PROBLEM DESCRIPTION - An exact transcription is needed of the lines below from the one with "1piu1uguale3 Wool Hooded" through the one with "Pawlymorph Pet Toys", with no other lines and no pictures.

DATA SUPPLIED -
○ ○ ○ ○ ○

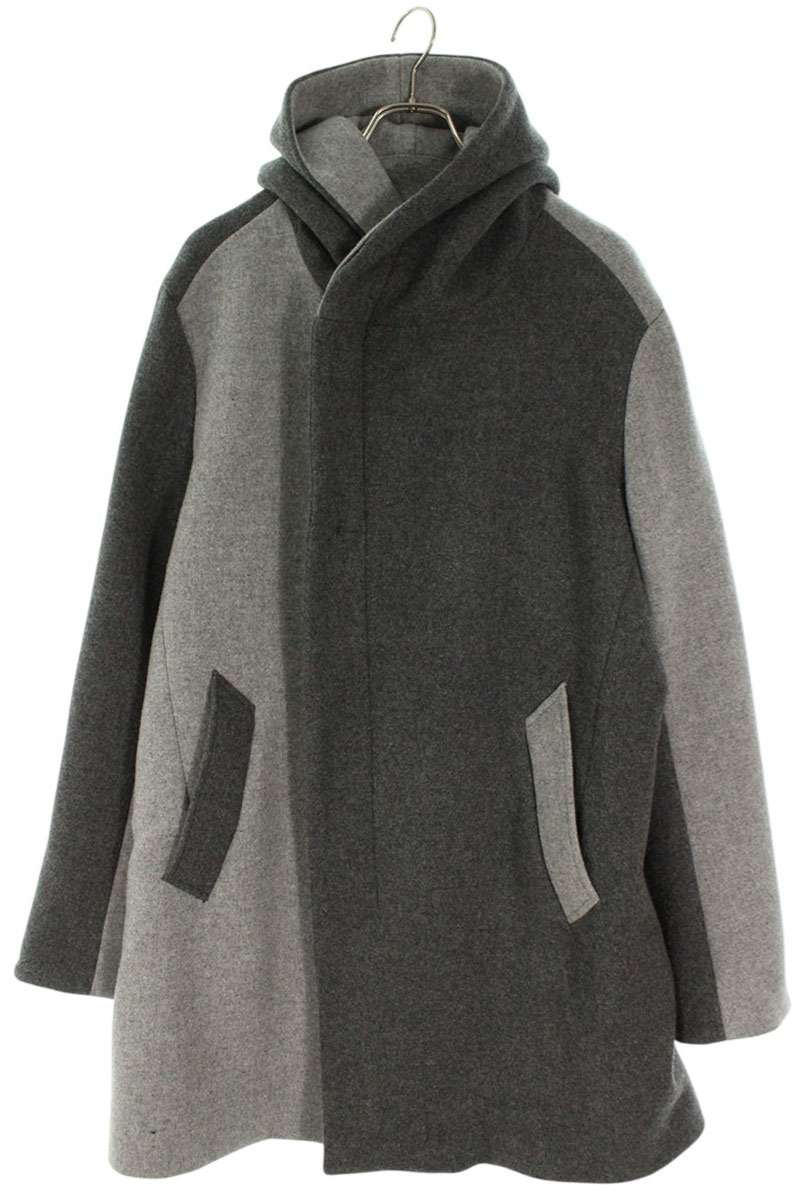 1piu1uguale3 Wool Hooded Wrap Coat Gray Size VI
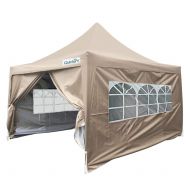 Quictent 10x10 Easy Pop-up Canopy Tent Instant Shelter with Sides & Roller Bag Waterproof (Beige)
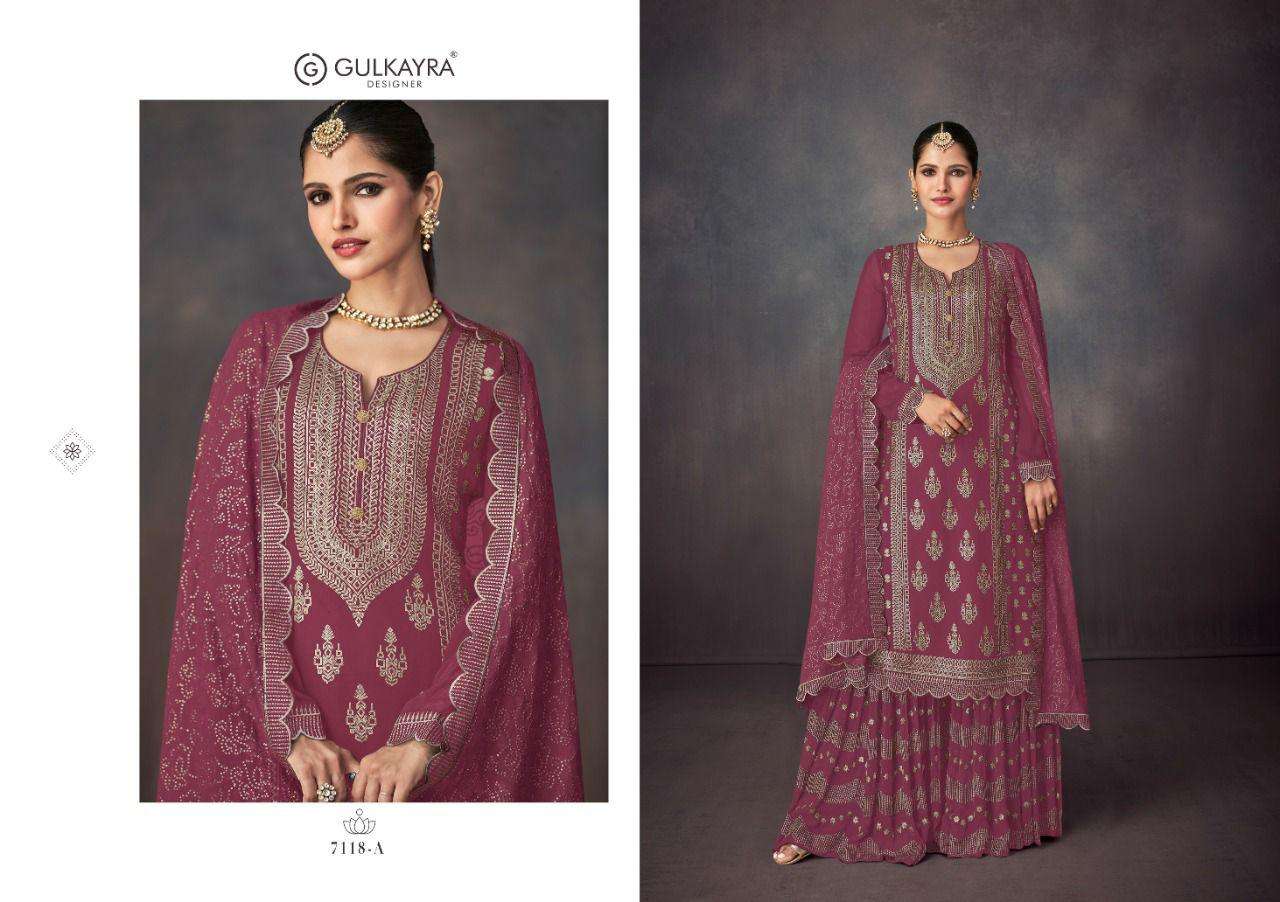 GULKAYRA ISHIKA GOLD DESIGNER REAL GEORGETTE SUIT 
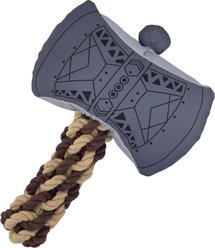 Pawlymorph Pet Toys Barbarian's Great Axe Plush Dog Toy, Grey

○ ○ ○ ○ ○

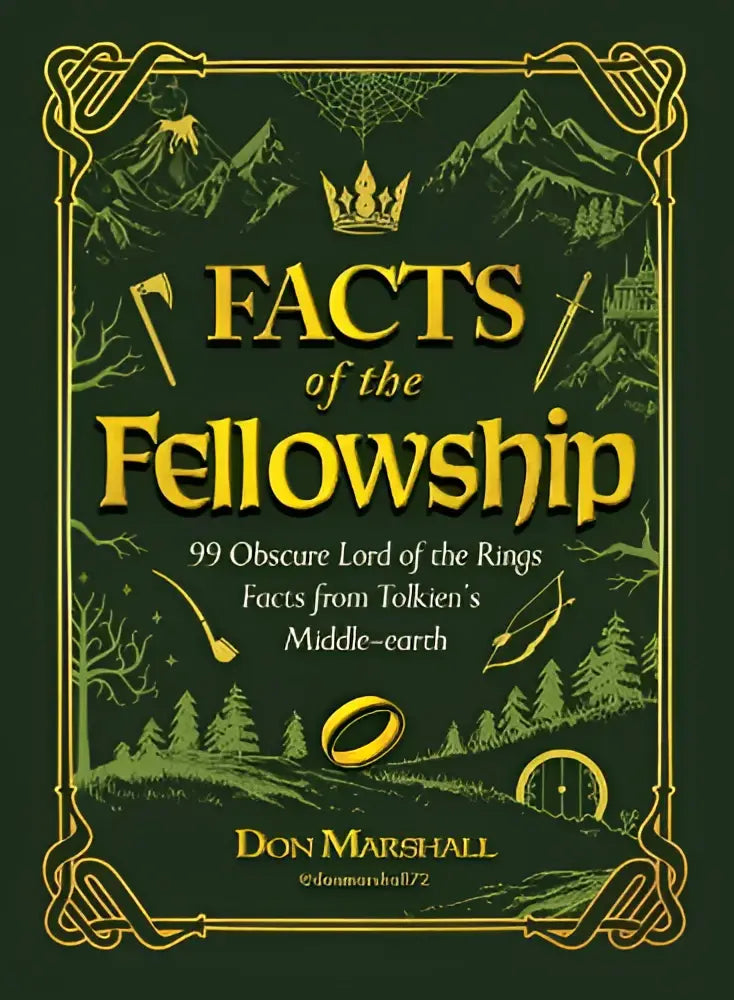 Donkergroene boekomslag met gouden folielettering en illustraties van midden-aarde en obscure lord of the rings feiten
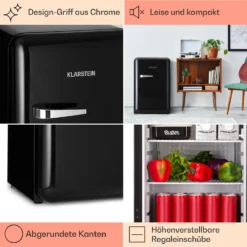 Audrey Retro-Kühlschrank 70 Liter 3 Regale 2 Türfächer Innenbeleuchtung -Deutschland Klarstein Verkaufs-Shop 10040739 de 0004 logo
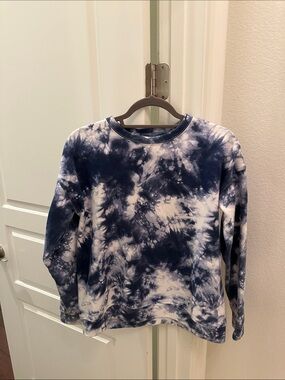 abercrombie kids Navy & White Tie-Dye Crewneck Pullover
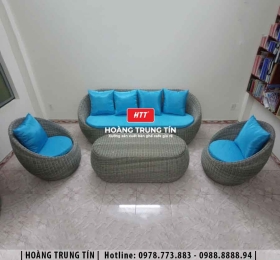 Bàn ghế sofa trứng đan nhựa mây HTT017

○ ○ ○ ○ ○

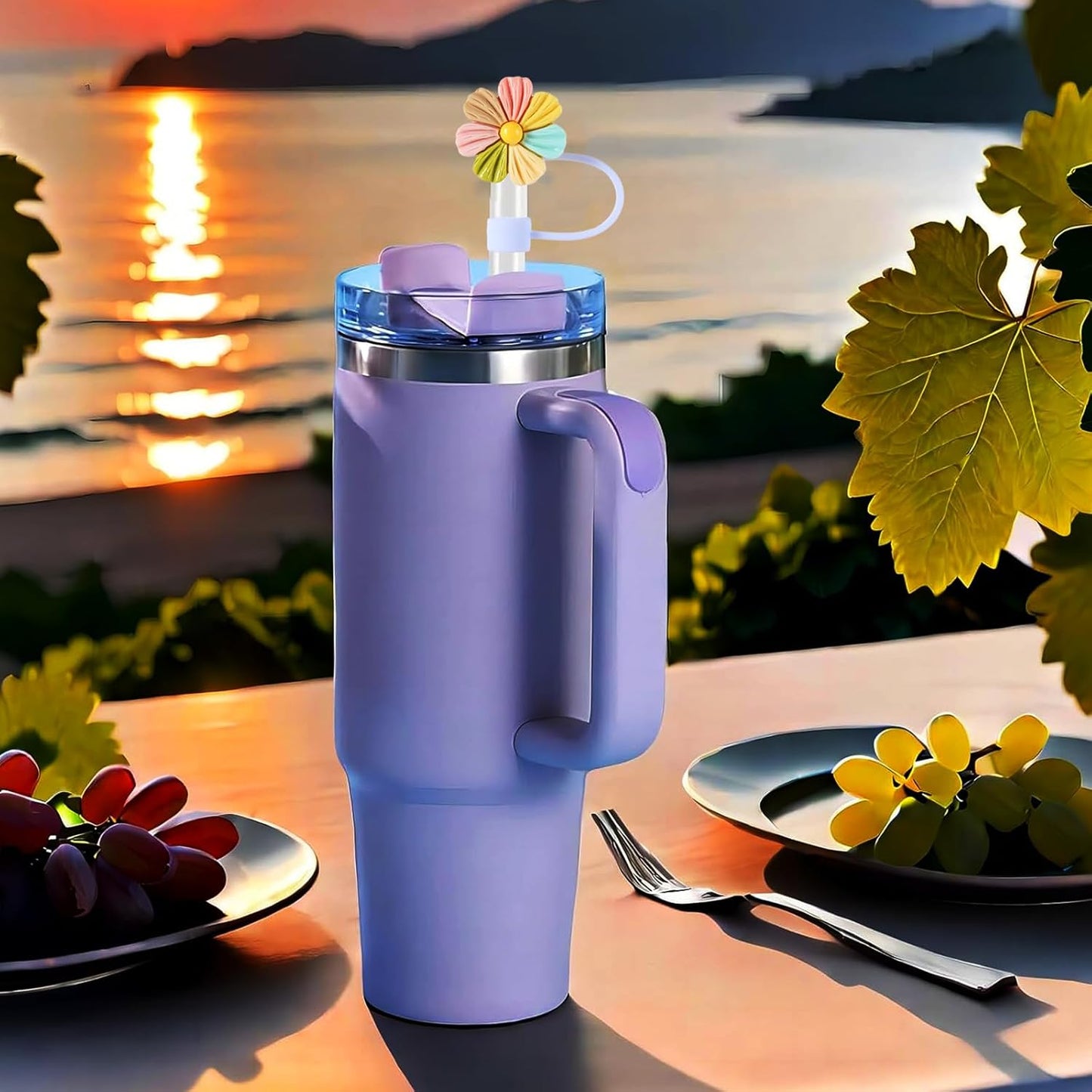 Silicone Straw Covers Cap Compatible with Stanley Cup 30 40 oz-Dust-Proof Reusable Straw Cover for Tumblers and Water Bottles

○ ○ ○ ○ ○

RESULT -
 1piu1uguale3 Wool Hooded Wrap Coat Gray Size VI
 Quictent 10x10 Easy Pop-up Canopy Tent Instant Shelter with Sides & Roller Bag Waterproof (Beige)
 GULKAYRA ISHIKA GOLD DESIGNER REAL GEORGETTE SUIT 
 Pawlymorph Pet Toys Barbarian's Great Axe Plush Dog Toy, Grey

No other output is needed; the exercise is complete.